The present invention relates to a variable displacement compressor for use in, for example, a vehicle air conditioner.
In general, variable displacement compressors are used in vehicle air conditioners. One of the compressors of this type is described in, for example, Japanese Second (examined) Patent Publication No. 4-74549.
The disclosed compressor is so-called a wobble plate type variable displacement compressor. The compressor has a compressor casing defining a crank chamber therein. A rotor is disposed in the crank chamber and mounted on a main shaft. A swash plate is attached to the rotor via a hinge mechanism. The main shaft passes through the swash plate. Specifically, a sleeve is attached to the swash plate and receives the main shaft therethrough. A space is formed between an outer periphery of the sleeve and an inner periphery of the swash plate so that an inclination of the swash plate relative to the main shaft can be changed by means of the hinge mechanism.
A wobble plate is attached to the swash plate via a bearing. A plurality of piston rods are coupled to the wobble plate through ball connection. The compressor casing is formed with a plurality of cylinders which are arranged at regular intervals so as to surround the main shaft. Each of the piston rods is coupled through ball connection to corresponding one of pistons disposed in the respective cylinders. In the crank chamber, a guide rod is supported by the compressor casing so as to extend in parallel to the main shaft. The guide rod is sandwiched by an end portion of the wobble plate so that the end portion of the wobble plate is wobbling relative to the guide rod in an axial direction of the main shaft.
Following the rotation of the main shaft, the rotation of the rotor is transmitted to the swash plate so that the wobble plate wobbles to cause the pistons to make reciprocating motions. In this fashion, the compressing operation is carried out. As described above, since the inclination of the swash plate relative to the main shaft is changeable by means of the hinge mechanism, the piston stroke can be changed by controlling the inclination of the swash plate, thereby to change the compression displacement of the compressor.
The foregoing variable displacement compressor has a suction chamber, a discharge chamber, a first communication passage extending from the discharge chamber to the crank chamber, an open/close valve for opening and closing the first communication passage, and a second communication passage or a bleed passage extending from the crank chamber to the suction chamber for constantly allowing discharge gas having flowed into the crank chamber through the first communication passage to escape into the suction chamber.
In the conventional variable displacement compressor of the wobble plate type, the crank chamber and the suction chamber are in constant communication with each other through the bleed passage. Thus, for example, if a liquid refrigerant exists at the low pressure side of a refrigerant circuit while the compressor is stopped for hours, the liquid refrigerant flows into the crank chamber via the suction chamber and through the bleed passage.

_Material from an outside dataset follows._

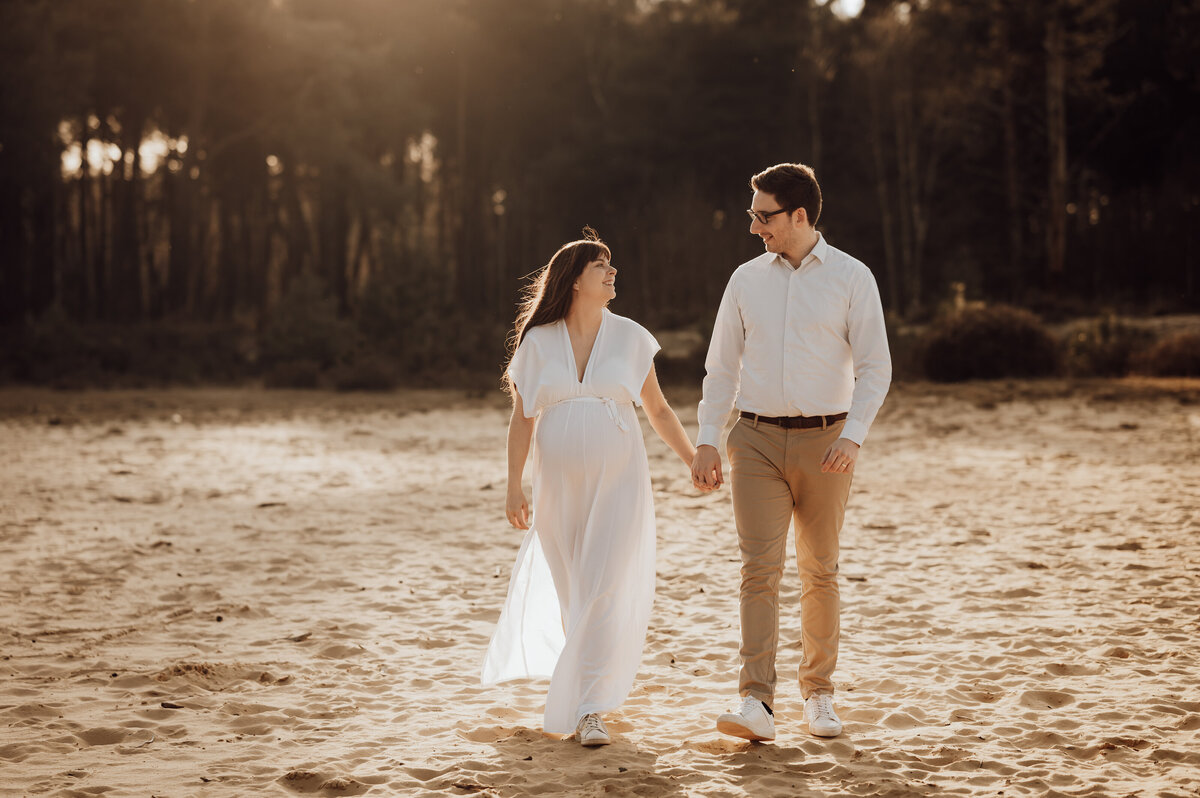 Koppel kijkt elkaar liefdevol aan elkaar tijdens zwangerschapsshoot op de heide in Antwerpen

Particularly, when a temperature in a vehicle compartment is relatively high while a temperature in an engine room where the compressor is installed is relatively low, a large amount of the liquid refrigerant flows into the crank chamber via the suction chamber.
When the compressor is started in this state, a pressure differential is generated across the bleed passage. This is because an open area of the bleed passage becomes insufficient relative to the amount of the liquid refrigerant in the crank chamber. So that, the inclination of the swash plate is held at the minimum compression displacement. As a result, until the liquid refrigerant is sufficiently removed from the crank chamber, the required cooling power can not be obtained.